The FT reports that there is in fact a rising trend of companies attempting to harness the potential of these influencer employees by hiring external consultants (“influencer management” companies) to help navigate this. UK-based DSMN8 is one such company and helps coordinate social media activities of employees with rewards for best performers. Companies like Ford and Huawei are among its clients.

Whether companies go the influencer management way or not, it is clear that shutting employee voices down by firing them is likely to backfire. It may be beneficial for companies to acknowledge that their employees are likely to have a social media presence and offer to help employees with deciding where to draw the line when their posts relate to the company. This kind of policy fits into the larger idea about corporate management engaging with employees as stakeholders.

(On a lighter note, I’ll leave you with a story about social media being used by another type of outfit – the Italian mafia!)

The elusive “corporate culture”

Pintrest was in the news earlier this month when it publicly announced an agreement to pay $22.5million to settle claims of gender discrimination brought by its former chief operating officer, Francoise Brougher. Ms Brougher had accused Pinterest of excluding her from meetings after she pushed for equal pay; and that she was ultimately fired after she raised concerns about sexist comments by a colleague to the company.

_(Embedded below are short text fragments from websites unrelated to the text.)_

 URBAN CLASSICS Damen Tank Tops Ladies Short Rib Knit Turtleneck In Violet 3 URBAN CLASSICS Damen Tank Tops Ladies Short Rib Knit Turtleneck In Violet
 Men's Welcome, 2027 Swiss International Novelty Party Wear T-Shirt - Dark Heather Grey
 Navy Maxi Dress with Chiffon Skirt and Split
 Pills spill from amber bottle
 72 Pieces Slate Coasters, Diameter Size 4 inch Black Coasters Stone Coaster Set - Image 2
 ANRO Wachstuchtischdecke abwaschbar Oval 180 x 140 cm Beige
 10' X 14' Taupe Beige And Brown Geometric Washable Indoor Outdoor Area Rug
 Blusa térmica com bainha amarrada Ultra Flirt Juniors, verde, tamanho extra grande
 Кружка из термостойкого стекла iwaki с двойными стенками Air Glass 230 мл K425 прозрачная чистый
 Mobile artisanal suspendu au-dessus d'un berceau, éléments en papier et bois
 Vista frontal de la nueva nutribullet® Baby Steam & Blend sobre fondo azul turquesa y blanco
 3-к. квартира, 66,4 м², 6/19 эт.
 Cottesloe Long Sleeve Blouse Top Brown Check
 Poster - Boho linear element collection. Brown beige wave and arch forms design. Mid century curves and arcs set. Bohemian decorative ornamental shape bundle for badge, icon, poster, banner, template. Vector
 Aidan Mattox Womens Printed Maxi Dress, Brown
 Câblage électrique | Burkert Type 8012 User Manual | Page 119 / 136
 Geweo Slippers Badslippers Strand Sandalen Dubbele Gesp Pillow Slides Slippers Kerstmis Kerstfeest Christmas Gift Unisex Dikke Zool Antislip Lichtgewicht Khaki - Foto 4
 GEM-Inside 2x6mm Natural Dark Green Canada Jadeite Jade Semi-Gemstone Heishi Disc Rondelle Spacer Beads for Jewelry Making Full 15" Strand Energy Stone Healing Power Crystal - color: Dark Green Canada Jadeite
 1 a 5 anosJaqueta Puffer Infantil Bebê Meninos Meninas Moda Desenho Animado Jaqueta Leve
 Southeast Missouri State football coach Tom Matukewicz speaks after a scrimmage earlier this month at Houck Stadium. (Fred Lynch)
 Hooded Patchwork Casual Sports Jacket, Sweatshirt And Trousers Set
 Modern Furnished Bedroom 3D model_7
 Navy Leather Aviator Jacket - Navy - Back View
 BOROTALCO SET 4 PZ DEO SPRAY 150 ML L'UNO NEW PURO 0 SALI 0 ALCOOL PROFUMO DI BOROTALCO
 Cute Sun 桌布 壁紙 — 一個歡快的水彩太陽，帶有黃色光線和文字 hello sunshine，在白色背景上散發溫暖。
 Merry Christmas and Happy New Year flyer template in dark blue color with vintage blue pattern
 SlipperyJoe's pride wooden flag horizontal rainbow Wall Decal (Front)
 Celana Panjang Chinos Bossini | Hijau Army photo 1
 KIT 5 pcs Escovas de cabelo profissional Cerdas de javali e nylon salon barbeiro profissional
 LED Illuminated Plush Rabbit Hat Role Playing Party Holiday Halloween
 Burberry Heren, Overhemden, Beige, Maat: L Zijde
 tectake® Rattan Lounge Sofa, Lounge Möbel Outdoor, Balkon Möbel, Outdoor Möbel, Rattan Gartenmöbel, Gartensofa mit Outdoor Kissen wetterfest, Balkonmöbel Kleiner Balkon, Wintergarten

Overall, her complaint said that Pintrest created an “unwelcoming environment for women and minorities”. Along with the $ 2.5 million settlement (which will be donated to organisations that work to advance women and minorities in the tech industry according to Pintrest) the company is apparently taking “meaningful steps” to improve its workplace environment. Ms Brougher also said that “Pinterest is committed to building a culture that allows all employees to feel included and supported”.

While culture in this context seems to suggest something to do with the way women and minorities are treated, it is really about how all employees are treated. As I explain in a recent paper, the “focus on culture and employees is aimed at preventing, or addressing at an earlier stage, egregious corporate scandals”. It is in the interest of the company to create an environment where employees are able to raise concerns whether it is about discrimination and sexism or about misconduct in other contexts. It helps the board address issues before they balloon into bigger problems. Regulators have started paying attention to the importance of culture as I discuss in my paper. Companies should do so too too.